For CSV format, ImportSettings2D is also required:
data = ba.readData2D(fname, ba.csv2D, import_settings)
Examples: expfit_galaxi.py loads a TIFF file and fits a GISAS pattern from the GALAXI instrument. fit_gisas.py loads a BornAgain internal-format file.
When reading a 2D CSV file, ImportSettings2D controls how axes are parsed:
settings = ba.ImportSettings2D(
xCoord, # coordinate type of the x axis, e.g. "phi_f (deg)"
yCoord, # coordinate type of the y axis, e.g. "alpha_f (deg)"
has_axes=False, # True if the file contains explicit axis values
swap_axes=False, # True to swap x and y
first_row=True, # True if axis values are in the first row (else last)

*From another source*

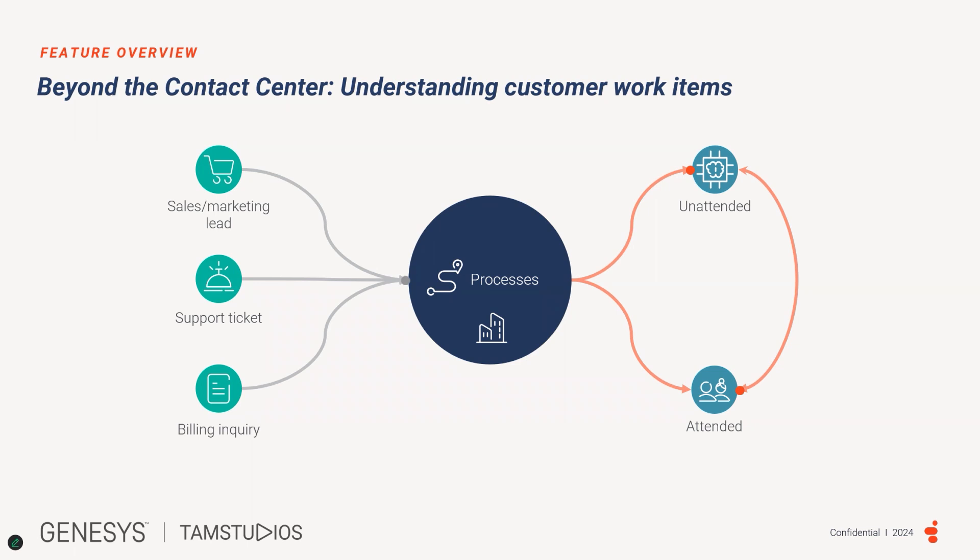Handling work items can be addressed through various methods, including unattended, such as automated workflow or self-service options to resolve the request; agent-assisted, where human agents handle the request directly; or a hybrid method, which is a combination of both.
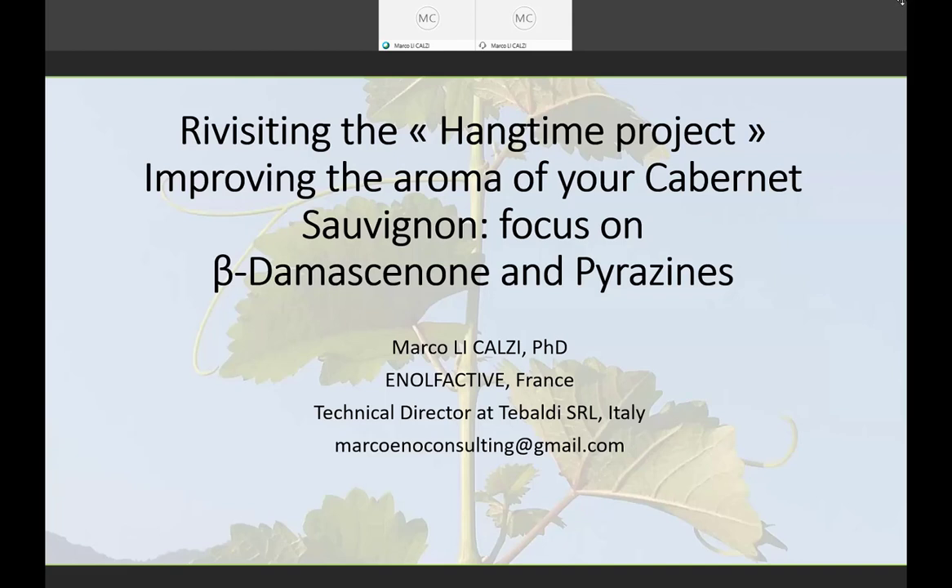We have Dr. Marco Licalti here from Italy. Thank you, Marco, for being here. He's going to be talking about improving the aroma of your Cabernet Sauvignon with a focus on beta-damascenone and pyrazines. Please take it away. Well, first of all, thank you very much for your invitation. It's a pleasure for me to present this webinar today.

first_col=True, # True if axis values are in the first column (else last)
)
If your instrument produces a format not listed above, read the data
into a numpy array with a third-party library and wrap it in a
Datafield before passing it to FitObjective:
import fabio # example: EDF/CBF/HDF5 and many more
import bornagain as ba
img = fabio.open("experimental_data.edf")
arr = img.data.astype("float64")
nrows, ncols = arr.shape
frame = ba.Frame(ba.EquiDivision("x", ncols, 0.0, float(ncols)),
ba.EquiDivision("y", nrows, 0.0, float(nrows)))
data = ba.Datafield(frame, list(arr.flatten()))
Then pass the Datafield to the fit engine:
fit_objective = ba.FitObjective()
fit_objective.addFitPair(simulation_builder, data)
The array must match the detector pixel layout defined in the simulation: same number of rows and columns.